I have always loved a good bowl of chili, it's just good old comfort food at it's best. This healthy version does away with the beef and substitutes chicken in its place. I don’t miss the beef but you can make the same recipe with a lean cut of meat.
Serves 4
Ingredients
· 1 to 2 uncooked chicken breasts, cut into 1-inch pieces
· 2 tablespoons of extra-virgin olive oil
· 1 1/2 tbsp. chili powder
· 1 tbsp cumin
· Crushed red pepper flakes to taste (optional, if you like hot chili)
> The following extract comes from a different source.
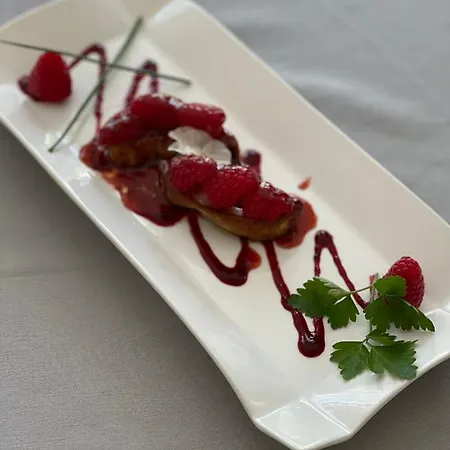 Logis - Le Chatel 3*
· 1 green pepper, sliced into thin strips
· 1 medium onion, chopped
· 1 (15 oz.) can of no salt added whole or crushed tomatoes (save the can for adding water to the pot)
· Red wine
· 16 ounces of each of the following:
black beans
kidney beans
whole kernel corn
kidney beans
whole kernel corn
*Use dried beans and fresh corn cut from the cob
Procedure
· Cut chicken breast and into1 inch pieces and sauté in oil over medium heat until cooked through. Add the green pepper and onion for 2-3 minutes until softened.
· Season with the spices now (including the red pepper flakes, if desired) and stir into chicken-pepper mixture for a couple of minutes.
· Pour in tomatoes, cut up into smaller pieces and heat to boiling. Reduce to a simmer and cook for 10 minutes.
· Add in 1 tomato cans worth of water and 1/2 can worth of a good red wine and stir to blend for 1 minute.
· Add the beans and corn. Bring back up to a boil and then reduce heat to simmer and cook for at least 45 minutes longer, adding additional wine if needed…the longer the better to allow for the flavors to meld.
Serve with whole-grain crackers or over brown rice or with a dense whole-grain bread…or just by itself (with the rest of that bottle of red or a cold one). A bowl full of awesomeness!